Your next iPhone could whimper like a tired puppy when its battery is close to empty, or get frantic when connected to 4G networks, if one of Apple's latest patent applications has its way. "Adjustable voice output based on device status" promises to adjust the voice output of various device status reports according to other factors, like sounding "more or less tired based on the battery level." It's not the only Apple patent app suggesting non-traditional communication, either; "Input devices and methods of operation" may be a dull title, but the application describes a new type of tactile feedback that could see buttons breathing on your fingers to guide them into place.

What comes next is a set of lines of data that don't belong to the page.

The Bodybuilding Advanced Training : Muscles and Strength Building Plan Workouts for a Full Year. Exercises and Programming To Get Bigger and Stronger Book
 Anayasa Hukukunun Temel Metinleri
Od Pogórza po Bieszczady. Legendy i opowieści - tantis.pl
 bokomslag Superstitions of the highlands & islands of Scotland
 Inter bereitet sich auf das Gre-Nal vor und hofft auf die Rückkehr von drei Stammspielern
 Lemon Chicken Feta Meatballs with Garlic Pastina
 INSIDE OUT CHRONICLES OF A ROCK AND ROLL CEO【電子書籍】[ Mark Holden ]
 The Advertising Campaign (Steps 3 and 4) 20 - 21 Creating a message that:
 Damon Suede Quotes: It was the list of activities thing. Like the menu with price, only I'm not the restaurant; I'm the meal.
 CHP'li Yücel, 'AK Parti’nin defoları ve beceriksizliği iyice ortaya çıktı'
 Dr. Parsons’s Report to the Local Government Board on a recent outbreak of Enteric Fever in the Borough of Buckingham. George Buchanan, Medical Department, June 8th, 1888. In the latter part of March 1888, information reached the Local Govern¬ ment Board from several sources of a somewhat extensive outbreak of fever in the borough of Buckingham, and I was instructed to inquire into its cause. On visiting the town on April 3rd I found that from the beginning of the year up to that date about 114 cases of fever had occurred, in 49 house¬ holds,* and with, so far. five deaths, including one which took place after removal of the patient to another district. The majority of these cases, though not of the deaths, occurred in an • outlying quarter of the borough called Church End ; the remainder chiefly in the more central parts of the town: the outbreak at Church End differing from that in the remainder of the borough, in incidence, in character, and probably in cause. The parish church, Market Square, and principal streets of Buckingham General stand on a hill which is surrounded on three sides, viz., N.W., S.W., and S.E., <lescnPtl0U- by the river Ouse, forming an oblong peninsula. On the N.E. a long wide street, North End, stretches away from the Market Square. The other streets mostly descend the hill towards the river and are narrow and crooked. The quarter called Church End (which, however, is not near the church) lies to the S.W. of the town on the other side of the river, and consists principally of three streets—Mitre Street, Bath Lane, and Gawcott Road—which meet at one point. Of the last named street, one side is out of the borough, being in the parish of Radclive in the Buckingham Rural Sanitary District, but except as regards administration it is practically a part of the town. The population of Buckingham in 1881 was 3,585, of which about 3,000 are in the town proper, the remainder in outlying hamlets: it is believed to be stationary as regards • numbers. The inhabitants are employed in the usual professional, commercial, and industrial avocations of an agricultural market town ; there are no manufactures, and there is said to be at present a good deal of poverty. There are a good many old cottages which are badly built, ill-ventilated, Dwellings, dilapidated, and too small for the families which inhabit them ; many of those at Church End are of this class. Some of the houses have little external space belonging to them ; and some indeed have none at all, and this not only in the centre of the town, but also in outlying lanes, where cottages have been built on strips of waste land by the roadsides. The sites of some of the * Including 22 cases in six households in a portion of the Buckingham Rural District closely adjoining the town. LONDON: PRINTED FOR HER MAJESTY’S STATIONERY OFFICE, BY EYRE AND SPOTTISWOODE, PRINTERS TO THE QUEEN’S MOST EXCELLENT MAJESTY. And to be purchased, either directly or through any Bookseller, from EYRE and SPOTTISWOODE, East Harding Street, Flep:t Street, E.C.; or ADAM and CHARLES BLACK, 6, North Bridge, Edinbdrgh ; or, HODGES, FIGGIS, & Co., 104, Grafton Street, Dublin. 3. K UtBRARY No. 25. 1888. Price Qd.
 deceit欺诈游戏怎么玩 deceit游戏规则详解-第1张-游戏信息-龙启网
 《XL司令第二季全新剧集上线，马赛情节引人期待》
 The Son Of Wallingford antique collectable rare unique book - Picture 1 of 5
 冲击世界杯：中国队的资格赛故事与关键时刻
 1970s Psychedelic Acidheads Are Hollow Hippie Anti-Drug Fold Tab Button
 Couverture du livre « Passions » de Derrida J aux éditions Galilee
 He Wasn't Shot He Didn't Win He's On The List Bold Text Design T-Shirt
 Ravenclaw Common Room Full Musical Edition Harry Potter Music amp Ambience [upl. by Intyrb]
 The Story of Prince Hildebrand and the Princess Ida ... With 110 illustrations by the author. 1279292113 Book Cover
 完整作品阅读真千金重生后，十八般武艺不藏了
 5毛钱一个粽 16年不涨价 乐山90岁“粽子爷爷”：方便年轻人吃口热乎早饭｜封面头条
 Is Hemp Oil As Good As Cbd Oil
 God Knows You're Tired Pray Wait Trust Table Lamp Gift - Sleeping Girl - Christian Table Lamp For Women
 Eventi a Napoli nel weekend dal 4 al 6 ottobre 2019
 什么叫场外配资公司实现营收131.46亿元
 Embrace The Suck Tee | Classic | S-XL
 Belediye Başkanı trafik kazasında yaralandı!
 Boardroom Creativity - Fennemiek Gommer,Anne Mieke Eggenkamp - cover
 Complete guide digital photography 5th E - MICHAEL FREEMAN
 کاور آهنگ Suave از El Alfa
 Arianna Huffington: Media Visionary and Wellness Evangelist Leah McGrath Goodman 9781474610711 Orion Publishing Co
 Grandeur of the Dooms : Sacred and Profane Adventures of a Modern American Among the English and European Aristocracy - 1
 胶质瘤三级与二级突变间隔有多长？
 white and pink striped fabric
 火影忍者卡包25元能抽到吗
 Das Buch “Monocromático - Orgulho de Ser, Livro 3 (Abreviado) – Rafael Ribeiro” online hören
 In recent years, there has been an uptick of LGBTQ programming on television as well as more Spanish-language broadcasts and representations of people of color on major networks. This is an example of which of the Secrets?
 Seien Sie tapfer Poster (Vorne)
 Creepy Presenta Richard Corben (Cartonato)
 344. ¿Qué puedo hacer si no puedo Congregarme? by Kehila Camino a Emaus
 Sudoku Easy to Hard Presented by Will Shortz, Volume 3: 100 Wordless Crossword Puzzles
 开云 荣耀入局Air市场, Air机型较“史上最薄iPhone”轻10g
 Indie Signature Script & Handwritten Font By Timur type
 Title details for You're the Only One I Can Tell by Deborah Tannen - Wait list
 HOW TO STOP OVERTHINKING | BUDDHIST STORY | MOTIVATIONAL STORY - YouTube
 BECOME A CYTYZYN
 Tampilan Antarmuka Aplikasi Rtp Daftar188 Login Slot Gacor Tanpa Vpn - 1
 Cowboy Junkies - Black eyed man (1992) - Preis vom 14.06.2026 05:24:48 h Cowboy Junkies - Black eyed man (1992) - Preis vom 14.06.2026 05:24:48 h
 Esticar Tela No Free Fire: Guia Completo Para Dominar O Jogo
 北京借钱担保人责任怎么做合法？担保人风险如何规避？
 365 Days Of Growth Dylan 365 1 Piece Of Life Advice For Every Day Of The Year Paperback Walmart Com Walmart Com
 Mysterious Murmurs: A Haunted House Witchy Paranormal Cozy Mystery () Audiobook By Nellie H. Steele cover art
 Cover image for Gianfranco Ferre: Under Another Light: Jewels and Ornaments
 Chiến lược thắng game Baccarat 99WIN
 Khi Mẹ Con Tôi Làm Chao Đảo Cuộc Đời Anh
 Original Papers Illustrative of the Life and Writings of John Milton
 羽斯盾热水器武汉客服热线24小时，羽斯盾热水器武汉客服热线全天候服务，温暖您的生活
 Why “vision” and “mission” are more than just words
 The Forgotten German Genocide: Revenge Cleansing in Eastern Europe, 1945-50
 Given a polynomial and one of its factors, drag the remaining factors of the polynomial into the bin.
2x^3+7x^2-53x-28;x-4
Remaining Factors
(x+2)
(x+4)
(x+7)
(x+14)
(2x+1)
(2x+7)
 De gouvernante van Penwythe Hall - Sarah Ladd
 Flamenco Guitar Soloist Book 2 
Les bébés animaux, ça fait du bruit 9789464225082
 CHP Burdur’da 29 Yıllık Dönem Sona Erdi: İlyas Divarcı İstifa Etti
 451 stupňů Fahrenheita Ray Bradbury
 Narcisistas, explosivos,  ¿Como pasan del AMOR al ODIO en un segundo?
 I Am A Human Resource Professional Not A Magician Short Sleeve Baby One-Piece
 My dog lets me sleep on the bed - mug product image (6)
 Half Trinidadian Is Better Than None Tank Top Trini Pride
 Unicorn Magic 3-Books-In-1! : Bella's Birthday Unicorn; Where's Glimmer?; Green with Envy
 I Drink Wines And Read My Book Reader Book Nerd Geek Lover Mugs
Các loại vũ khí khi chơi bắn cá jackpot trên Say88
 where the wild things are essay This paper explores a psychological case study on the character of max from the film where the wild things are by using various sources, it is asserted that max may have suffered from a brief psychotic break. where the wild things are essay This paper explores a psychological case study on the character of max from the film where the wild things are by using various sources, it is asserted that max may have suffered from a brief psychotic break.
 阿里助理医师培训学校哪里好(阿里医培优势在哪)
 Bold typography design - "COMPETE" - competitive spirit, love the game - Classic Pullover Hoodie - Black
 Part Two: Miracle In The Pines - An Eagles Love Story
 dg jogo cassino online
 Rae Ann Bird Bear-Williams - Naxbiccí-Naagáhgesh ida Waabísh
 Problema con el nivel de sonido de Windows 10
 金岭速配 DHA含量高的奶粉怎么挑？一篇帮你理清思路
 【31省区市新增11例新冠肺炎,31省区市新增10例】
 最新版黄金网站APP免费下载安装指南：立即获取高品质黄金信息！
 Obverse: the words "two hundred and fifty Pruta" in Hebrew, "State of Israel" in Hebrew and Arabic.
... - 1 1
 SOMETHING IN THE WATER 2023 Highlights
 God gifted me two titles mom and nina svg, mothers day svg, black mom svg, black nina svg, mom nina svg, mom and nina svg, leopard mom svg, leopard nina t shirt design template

In the voice patent, Apple suggests that various button clicks or gestures could trigger different status reports. So, a double-press might get you battery status - voiced enthusiastically if you're near-full, or sounding tired if there's little charge left - while holding down the button could give you a read out of all the various statuses of the device.
As for the tactile feedback, that would use various pressure sensors and pneumatics to offer force-feedback both when you're actually touching the controls and when your finger is nearby them. It could also make certain keys harder or easier to press, or work in the reverse and adjust input according to how firmly you push the button. Apple reckons this system would be a good workaround in increasingly compact devices with minimal - or, for touch-based gadgets, non-existent - travel in their controls.
Of course, there's no telling that either idea will make it to final products, but we can definitely see the voice output concept being integrated into VoiceOver, the system that reads out artist, track and playlist information on the iPod shuffle and nano.